MPI parallelize one function

Question

I want to parallelize an numerical integration function. I want to use this function in the middle of calculation. The work before should be done in root process. Is this possible to do in MPI?

 double integral_count_MPI(double (*function)(double) , double beginX, double endX, int      count)
 {
    double step, result;
    int i;
    if (endX - beginX <= 0) return 0;
    step = (endX - beginX) / count;
    result = 0;

    double *input = (double*)malloc((count+1) *sizeof(double));
    for (i = 0; i <= count; i ++)
    {
       input[i] = beginX + i*step;
    }
    // Calculate and gather
 }

EDIT

algorithm:

  1 process calculation;
while:
  1 process calculation;
  integration very complex function with many processes;
  1 process calculation;
end while;
1 process calculation;

Yes, it is. I hope you to not expect me to write the code for you? — kaspersky, Dec 16 '12 at 10:28

score 3 · Accepted Answer · answered Dec 16 '12 at 13:16

3

MPI provides various means to build libraries that use it "behind the scenes". For starters, you can initialise MPI on demand. MPI-2 modified the requirements for calling MPI_Init so every compliant implementation should be able to correctly initialise with NULL arguments to MPI_Init (because the actual program arguments might not be available to the library). Since MPI should only be initialised once, the library must check if it was already initialised by calling MPI_Initialized. The code basically looks like this:

void library_init(void)
{
   int flag;

   MPI_Initialized(&flag);
   if (!inited)
   {
      MPI_Init(NULL, NULL);
      atexit(library_onexit);
   }
}

The initialisation code also registers an exit handler by calling atexit() from the C standard library. Within this exit handler it finalises the MPI library if it not already finalised. Failure to do so might result in mpiexec terminating the whole MPI job with a message that at least one process has exited without finalising MPI:

void library_onexit(void)
{
   int flag;

   MPI_Finalized(&flag);
   if (!flag)
      MPI_Finalize();
}

This arrangement allows you to write your integral_count_MPI function simply like:

double integral_count_MPI(...)
{
    library_init();

    ... MPI computations ...
}

integral_count_MPI will demand-initialise the MPI library on the first call. Later calls will not result in reinitialisation because of the way library_init is written. Also no explicit finalisation is necessary - the exit handler will take care.
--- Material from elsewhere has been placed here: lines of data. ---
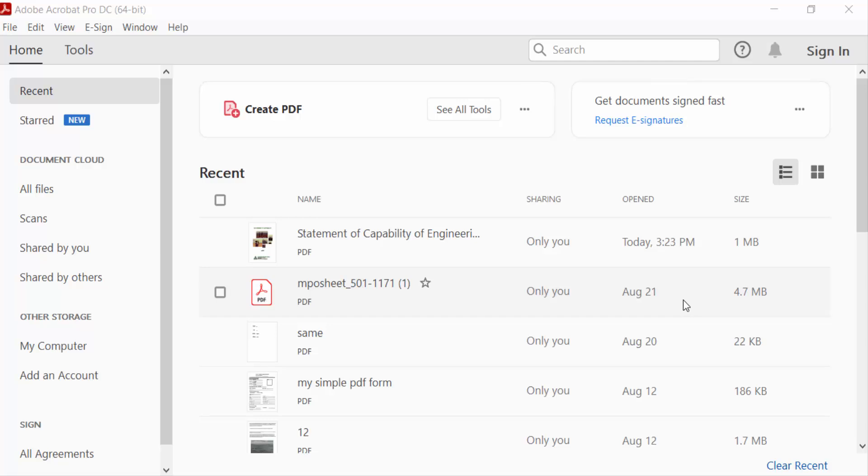Hello everyone, Assalamualaikum. In this tutorial today I'll show you how to change font size in PDF comment box using Adobe Acrobat Pro DC. Let's get started. I open a PDF document.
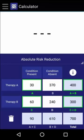Using the data provided, we find that the instance of the condition in those who received Therapy A was 30 over 400, which is about 8%, whereas the instance of the condition in those who received Therapy B was 60 over 300, which is 20%. By subtracting the instance in Therapy B by the instance in Therapy A, we find that the absolute risk reduction is 12%.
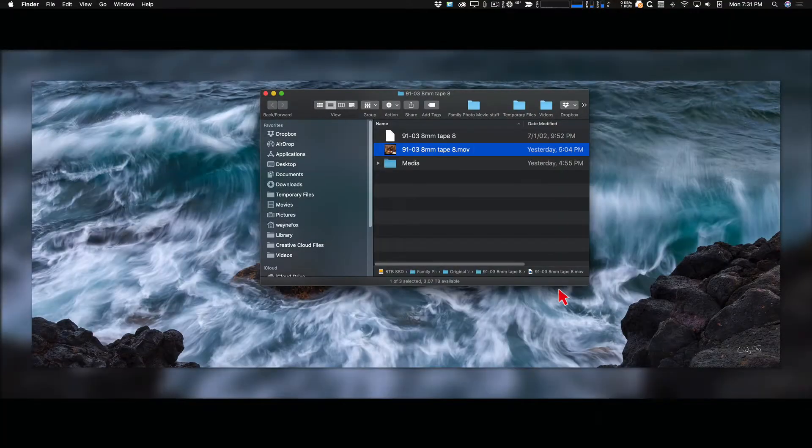QuickTime is a free program available for the Mac, and I think it's also still available for Windows. I'm not sure if the Windows version will do what I'm doing here, but I think it will — anyone on Windows, let me know. I can take a two-hour tape once I've digitized it and break it up into 10 to 15 little video segments in about 10 to 15 minutes tops. Let me just show you how I do it.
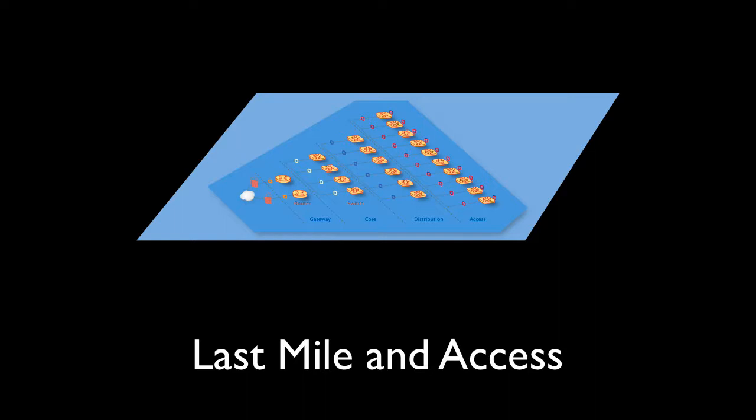As with most networks, the core consists of very few locations, and as we get further out to the end user near the access sites, the number of devices is increased up to a thousand times.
Note that you will still need to launch the code via the MPI process launcher (mpirun, mpiexec, etc.) and will have to be careful with doing I/O, since the serial part of the code would execute in each instance. Many MPI-enabled libraries provide their own I/O routines for that purpose that filter on the process rank and allow only rank 0 to perform the actual I/O. You can also use the dynamic process management facilities of MPI to spawn additional processes on demand, but that would require that you abstract a huge portion of the process management into the library that performs the integration, which would make it quite complex (and the code of your main program would look awkward).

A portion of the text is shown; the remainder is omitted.